(Supplied information Opens)
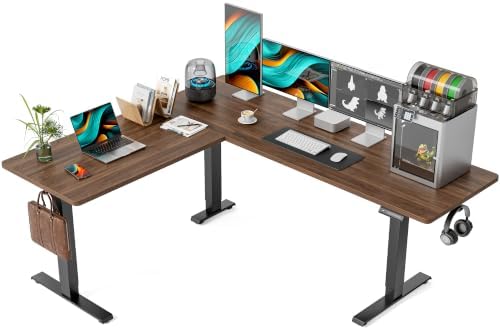 FEZIBO 75" x 63" L-Shaped Standing Desk - Adjustable Corner Desk L Shape, L-Shaped Adjustable Desk with Splice Board, L Shape Standing Desk, Black Walnut by FEZIBO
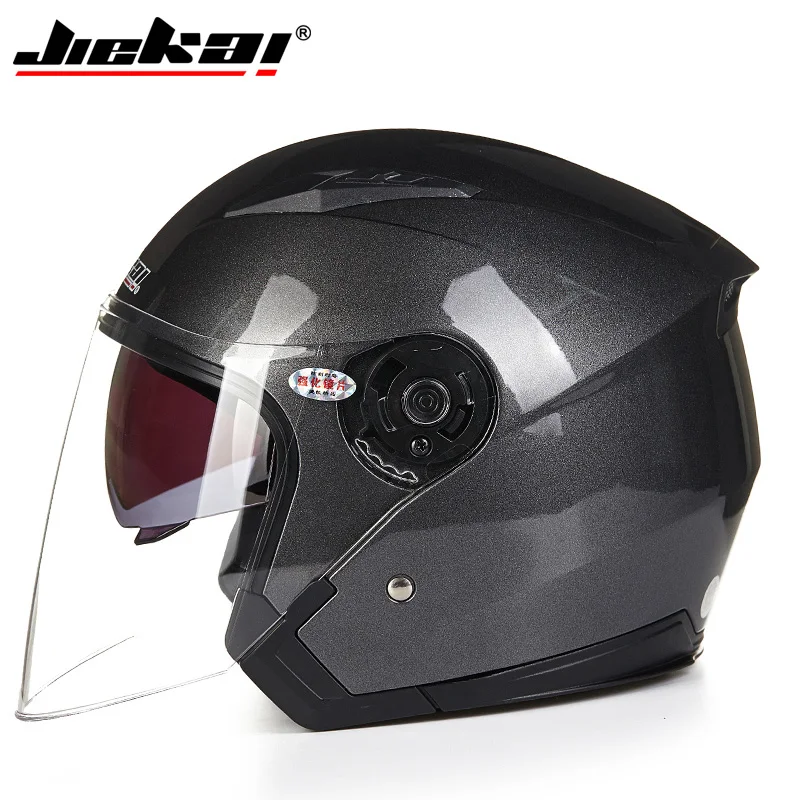 JIEKAI -512 Motorcycle double lens half helmet Cascos Para Moto Racing helmets ABS Helmet Moto Casque for Women/Men Casco Moto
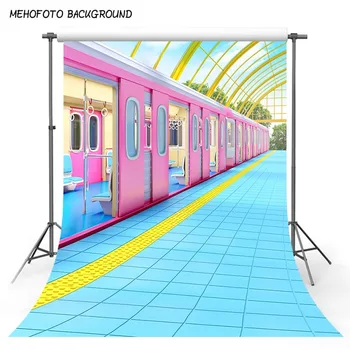 

Vinyl Background Blue Brick Street Pink Train Outdoor Photography Backdrop for Wedding 10x10 Nature Scenic Picture Background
(Supplied information Closes)
[What you should do] Please restate the data word for word, leaving out any picture it holds.

[Expected output]
 FEZIBO 75" x 63" L-Shaped Standing Desk - Adjustable Corner Desk L Shape, L-Shaped Adjustable Desk with Splice Board, L Shape Standing Desk, Black Walnut by FEZIBO
 JIEKAI -512 Motorcycle double lens half helmet Cascos Para Moto Racing helmets ABS Helmet Moto Casque for Women/Men Casco Moto

Vinyl Background Blue Brick Street Pink Train Outdoor Photography Backdrop for Wedding 10x10 Nature Scenic Picture Background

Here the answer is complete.